Large-Scale Simulations of Complex Turbulent Flows: Modulation of Turbulent Boundary Layer Separation and Optimization of Discontinuous Galerkin Methods for Next-Generation HPC Platforms

Abstract

The separation of spatially evolving turbulent boundary layer flow near regions of adverse pressure gradients has been the subject of numerous studies in the context of flow control. Although many studies have demonstrated the efficacy of passive flow control devices, such as vortex generators (VGs), in reducing the size of the separated region, the interactions between the salient flow structures produced by the VG and those of the separated flow are not fully understood. Here, wall-resolved large-eddy simulation of a model problem of flow over a backward-facing ramp is studied with a submerged, wall-mounted cube being used as a canonical VG. In particular, the turbulent transport that results in the modulation of the separated flow over the ramp is investigated by varying the size, location of the VG, and the spanwise spacing between multiple VGs, which in turn are expected to modify the interactions between the VG-induced flow structures and those of the separated region. The horseshoe vortices produced by the cube entrain the freestream turbulent flow towards the plane of symmetry. These localized regions of high vorticity correspond to turbulent kinetic energy production regions, which effectively transfer energy from the freestream to the near-wall regions.
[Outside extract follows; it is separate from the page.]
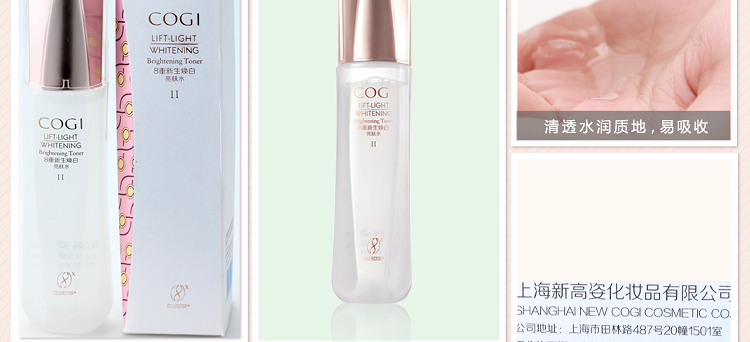 高姿8重新生焕白亮肤水II120g\/ml 【中、干性肌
Numerical simulations indicate that: (i) the gradients and the fluctuations, scale with the size of the cube and thus lead to more effective modulation for large cubes, (ii) for a given cube height the different upstream cube positions affect the behavior of the horseshoe vortex---when placed too close to the leading edge, the horseshoe vortex is not sufficiently strong to affect the large-scale structures of the separated region, and when placed too far, the dispersed core of the streamwise vortex is unable to modulate the flow over the ramp, (iii) if the spanwise spacing between neighboring VGs is too small, the counter-rotating vortices are not sufficiently strong to affect the large-scale structures of the separated region, and if the spacing is too large, the flow modulation is similar to that of an isolated VG.
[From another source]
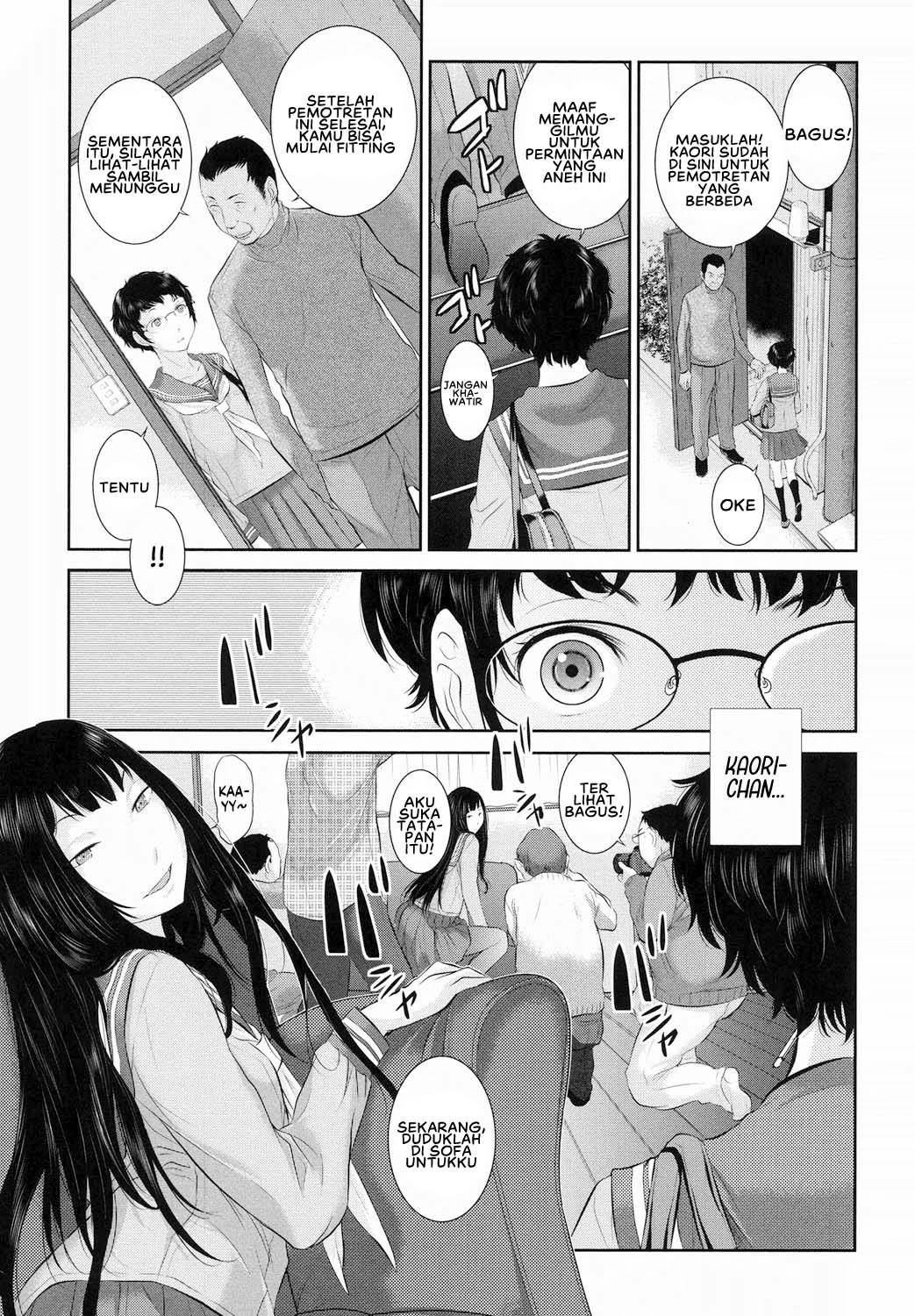 Miko no Iru Machi - Chapter 3 5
Turbulent boundary layer flows are inherently multiscale, and numerical simulations of such systems often require high spatial and temporal resolution to capture the unsteady flow dynamics accurately. While the innovations in computer hardware and distributed computing have enabled advances in the modeling of such large-scale systems, computations of many practical problems of interest are infeasible, even on the largest supercomputers. The need for high accuracy and the evolving heterogeneous architecture of the next-generation high-performance computing centers has impelled interest in the development of high-order methods. While the new class of recovery-assisted discontinuous Galerkin (RADG) methods can provide arbitrary high-orders of accuracy, the large number of degrees of freedom increases costs associated with the arithmetic operations performed and the amount of data transferred on-node. The purpose of the second part of this thesis is to explore optimization strategies to improve the parallel efficiency of RADG. A cache data-tiling strategy is investigated for polynomial orders 1 through 6, which enhances the arithmetic intensity of RADG to make better utilization of on-node floating-point capability. In addition, a power-aware compute framework is suggested by analyzing the power-performance trade-offs when changing from double to single-precision floating-point types---energy savings of 5 W per node are observed---which suggests that a transprecision framework will likely offer better power-performance balance on modern HPC platforms.